En conclusión, en el caso hipotético de que los británicos opten mayoritariamente por salir de la UE en junio, se abre un escenario de gran complejidad que incluye: (a) la propia incertidumbre alrededor del procedimiento para negociar la retirada; (b) la imposibilidad de que en esa situación, por confusa y abierta que sea, Bruselas plantee
una segunda oferta de acomodación privilegiada a Reino Unido que pudiera someterse a segundo referéndum; y (c) las soluciones subóptimas que se le presentan entonces a Londres para definir su nueva situación con la UE. En el mejor de los casos, la regulación de la nueva relación entre la UE y el Estado que la abandona no puede entrar en vigor antes del momento que lo determine el propio acuerdo que se alcance entre las partes, de manera que sería inevitable la existencia de un extraño y potencialmente tenso periodo de pertenencia precaria británica (agravado por el hecho de que, precisamente en ese contexto tan incierto, se estaría negociando sobre las complejas condiciones de la salida y de la relación futura). En el peor de los casos, no se llegaría a acuerdo alguno y la conexión de la economía (y la sociedad) británica con Europa y con la globalización se vería claramente deteriorada.
Ignacio Molina
Investigador principal de Europa, Real Instituto Elcano | @_ignaciomolina
1 Este análisis se publicó inicialmente en Economía Exterior, número 76 (Primavera 2016).

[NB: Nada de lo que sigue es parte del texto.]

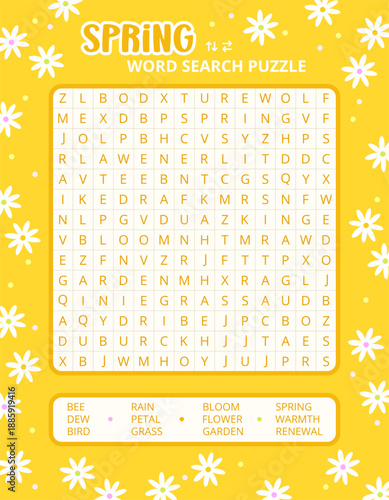 Spring word search puzzle game on a yellow daisy background worksheet. Printable family activity for spring season. Educational game for children and adults, learning English vocabulary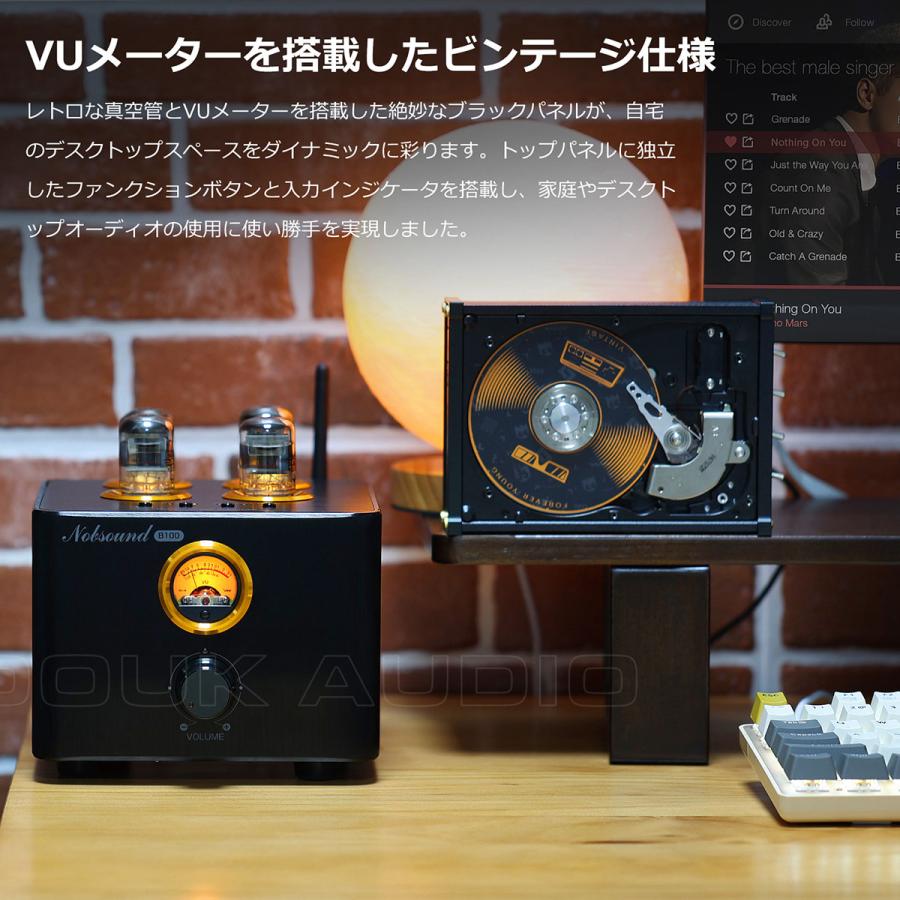 Nobsound B100 Bluetooth 5.0 真空管アンプ USB DAC COAX/OPT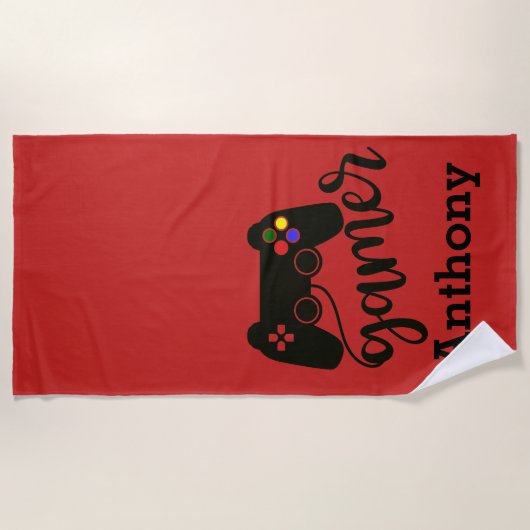 Speciaal gamer-videospelcontroller strandlaken (Voorkant)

2 The process for withdrawing from the European Union.
3 No obstante, a través también del Tratado de Lisboa, la UE ha regulado la posibilidad de que determinados territorios de ultramar que pertenecen a los Estados miembros puedan abandonar la Unión –o entrar en ella– sin necesidad de modificar los tratados. Está regulado en el artículo 355.6 del Tratado de Funcionamiento de la UE que ya se ha aplicado una vez: en enero de 2012 a la isla caribeña francesa de San Bartolomé.
4 De hecho, ni siquiera está determinado con detalle cómo se desarrollaría el necesario cambio posterior de los tratados. No obstante, parece que sería por la vía de la reforma simplificada y por unanimidad de los socios que quedarían tras ese abandono británico.
5 El propio gobierno británico ha dejado claro en su Informe ante el Parlamento de febrero que “the Government would have a democratic duty to give effect to the electorate’s decision”. Además, incluso desde la óptica nacional de la política británica sería muy difícil ninguna alternativa pues el mandato democrático que, en su caso, tendría David Cameron es el de negociar la salida y no un nuevo acuerdo que permitiese la permanencia.
6 Alternatives to membership: possible models for the United Kingdom outside the European Union.